The Boys of Summer are back on the baseball diamond and the days are warming up in New England. What better time is there to put on the 1989 magical realist classic Field of Dreams (dir. Phil Alden Robinson), probably one of the few movies that every red-blooded American man must admit leaves them crying like babies by the time of its heart-warming conclusion.(*) Tom Hanks famously exclaimed, “There’s no crying in baseball!” Kevin Costner replied, “Not so fast!” (Yes, A League of Their Own was released three years later, but this movie is about time traveling so…)
Ray Kinsella (Costner) and his wife Annie (Amy Madigan) are two former ’60s radicals that have only been slightly domesticated by purchasing a farm in Iowa. One evening, while weeding the corn field, Ray begins hearing a mystical voice telling him, “If you build it, he will come.” It might be merely an acid flashback, but either way this leads Ray to build a baseball diamond.
Long-dead players like Shoeless Joe Jackson (Ray Liotta, star of the great Martin Scorcese film Goodfellas) begin showing up to play ball. Kinsella is sent to Boston to pick up the Salinger-esque Black Power author Terence Mann (James Earl Jones in a show-stealing performance), and the Yuppie real estate slime ball brother-in-law Mark (Timothy Busfield) plots to foreclose on the distressed mortgage that the field sits upon.

In the 1930’s and ‘40s, due to a combination of political convenience, necessity, and the overpowering charm of President Franklin Delano Roosevelt, stage and screen artists of various political tendencies found themselves in a de facto Popular Front coalition with progressives and radicals, including an agrarian populist element with antecedents dating back to the Gilded Age that had been epitomized by L. Frank Baum’s Oz books. Frank Capra, one of these luminaries, fused a strand of anti-corporate agitation with a down-home pathos that glorified the simple living of the everyday American. At its best, this movement was a love letter to our society’s inclination towards self-improvement. At its worst, these pictures became overly-saccharine celluloid with astonishing blind spots about racial and sex/gender inequalities, later derided as “Capra-corn.”
Field of Dreams is a loving homage to Capra, ergo the corn reference, a left jab in the midst of the Reaganite onslaught. The film is littered with nostalgic nods to the Popular Front ethos while gently remedying the gaps in those politics. Costner’s character sports a T-shirt at one point for the African National Congress, a bold move for a period when Nelson Mandela was still imprisoned and the African National Congress was designated by the US government as a terrorist organization. Jones revered Paul Robeson as an elder statesman and his performance seems to channel The Tallest Tree.

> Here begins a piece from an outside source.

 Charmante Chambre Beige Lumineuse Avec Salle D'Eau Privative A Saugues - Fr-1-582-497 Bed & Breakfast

After a previous 30 years of clunky Marxist engagement with the polysyllabic legacies of Freud and Lacan regarding marriage, the script offers a refreshingly uncomplicated nuclear family. It inverts the typical patriarchy, including a hilarious scene of the housewife serving up a hearty takedown of censorious proto-fascistic Culture Warriors.

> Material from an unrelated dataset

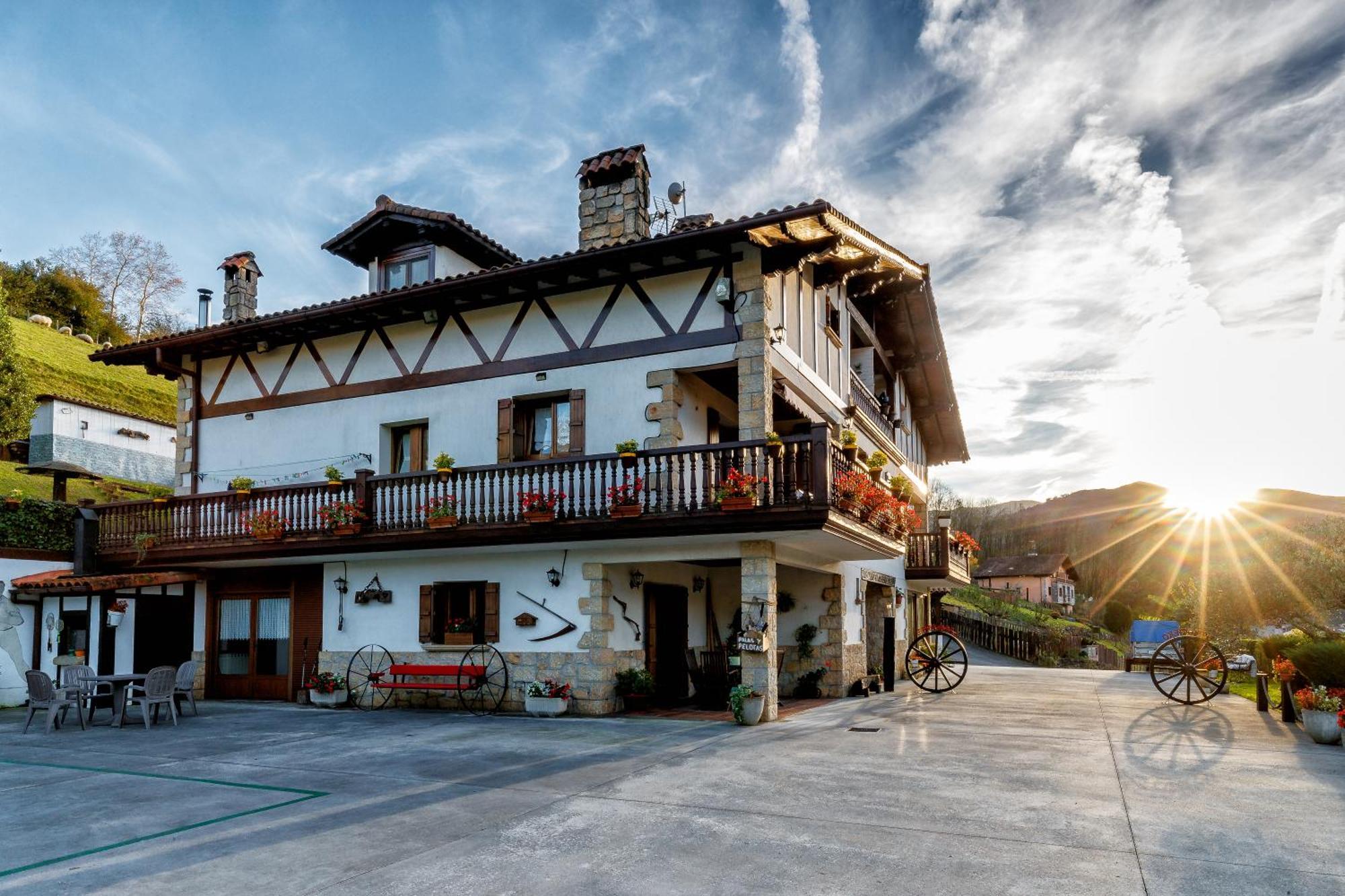 Casa Otxotenea Lesaka Bagian luar foto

Yet at its core, it remains a motion picture about something more important than baseball. The surprise ending is that the entire picture was actually about the love and loss children feel for their fathers and the simplicity of playing a game of catch with your dad. Ray’s epic journey is not building the baseball diamond, instead it is forgiving himself for a very typical gesture, intentionally hurting the patriarch as a gesture of alienation in order to assert a sense of independent adulthood. This is the true nature of magical realism, using elements of fantasy and science fiction in ways that explore the human condition and our common struggles in life’s journey.
This spring, after several years of cold turkey, I gave into temptation and began to follow the goddamned Boston Red Sox again, which every New Englander understands as a secularized Stations of the Cross ceremony. Field of Dreams, like a Catholic breviary, offers prayers of reconciliation and remembrance for the dead in a healing ceremony. As we begin to survey the last five years of calamity and loss, it might be the movie we need in order to go back and play ball.

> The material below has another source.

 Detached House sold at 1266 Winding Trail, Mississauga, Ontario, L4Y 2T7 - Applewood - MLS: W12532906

(*) Editor’s note, KS: I love baseball. I hated Field of Dreams. I despise Kevin Costner, never worse than in Dances With Wolves, but I hated him in Fields of Dreams, too. I cry at movies, like the end of Pan’s Labyrinth. I did not cry during Field of Dreams, I vomited. However, after reading Andrew’s story I realize that my entire reaction to the film is based on my visceral hatred of Costner. I don’t really remember the movie and, if Andrew’s interpretation is correct, I didn’t understand it in the slightest. But it still sucks because Costner is in it.